OPC-UA includes robust modelling capabilities, which means you can fully describe systems (like a valve, production line, or even an entire plant) without losing the context of what the various status and control readings mean.

This can be used to allow OPC-UA clients to acquire complete device data from the OPC-UA servers they connect to, reducing configuration errors and setup time. In contrast, OPC Classic only provided individual reading values with no mechanism to tie them together to identify which points were related the same piece of equipment.

On the topic of security: OPC UA was built from the ground up with security best practices at every step.

“When OPC Classic was developed, awareness of security concerns were not so great compared to what we take for granted in today’s highly inter-connected world,” says Kominek.

“Companies generally thought that the proprietary communications protocols were so complicated no hacker would be able or willing to take the time to figure them out. In addition, most control systems were quite isolated with no link to the internet anyway.
High visibility examples, like STUXNET, removed all doubt that control automation security is a key issue that must be addressed.”
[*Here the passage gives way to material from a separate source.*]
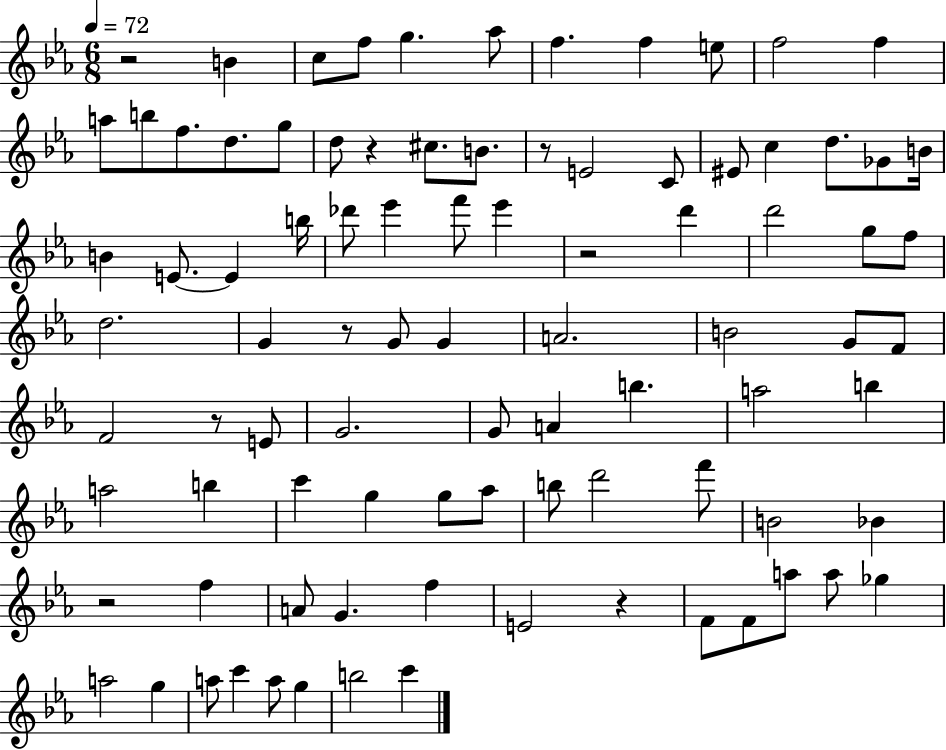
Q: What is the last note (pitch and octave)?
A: C6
Matrikon builds tools to help equipment vendors embed OPC-UA in their devices. It also designs OPC servers and software for doing the data conversions required by OPC Classic.

Acronyms

UA stands for ‘unified architecture’.

OPC stands for Open Platform Communications”. The explanation of the acronym was changed in 2011.

Previously OPC stood for “OLE for Process Control”. OLE stands for “Object Linking and Embedding.” The OPC standard was originally developed in 1996.

The MDIS group

The OPC-UA standard form the OPC Foundation, has been adopted to serve as the communications backbone for a standard being developed by a group of companies under the name “MDIS,” which stands for MCS DCS Interface Standardization.

Companies involved include ABB, Aker Solutions, BP, Cameron, Chevron, ConocoPhillips, Dril-Quip, Emerson, ENGlobal, ExxonMobil, FMC Technologies, GE Oil and Gas, Honeywell, Invensys, WoodGroup Kenny, Kongsberg, Petrobras, Proserv, Rockwell Automation, Shell, Siemens, Statoil, Total, W-Industries, Woodside and Yokogawa.

The group is managed by OTM Consulting, part of technology company Sagentia. For more information, visit http://www.mdis-network.com

It has a number of different groups, including some identifying what are the best objects to manage, and other groups “validating” the standard (checking that everything works).

Interconnectivity with OPC Classic

OPC-UA standard was designed to maximize interconnectivity, while retaining compatibility with the previous generation of OPC (OPC Classic).

For example, if you have a user interface (known in the jargon as a HMI or Human Machine Interface) that is based on classic OPC connectivity, it is still possible for it to acquire data from new OPC-UA sources by using an OPC-UA Proxy (an application that translates between OPC-UA servers and classic OPC clients).

Today, the majority of OPC installations are still based on classic OPC and will continue to do so because once it is installed, automation equipment typically runs for a decade or more before being upgraded.

“One of the smart things that OPC Foundation did was to ensure that its existing classic OPC install base was not left behind in favour of the new UA standard. This allowed companies to preserve the investments they made in classic OPC infrastructure while being able to gradually migrate to OPC-UA, ” says Kominek.

Original article appeared in May 19, 2014 issue of Digital Energy Journal.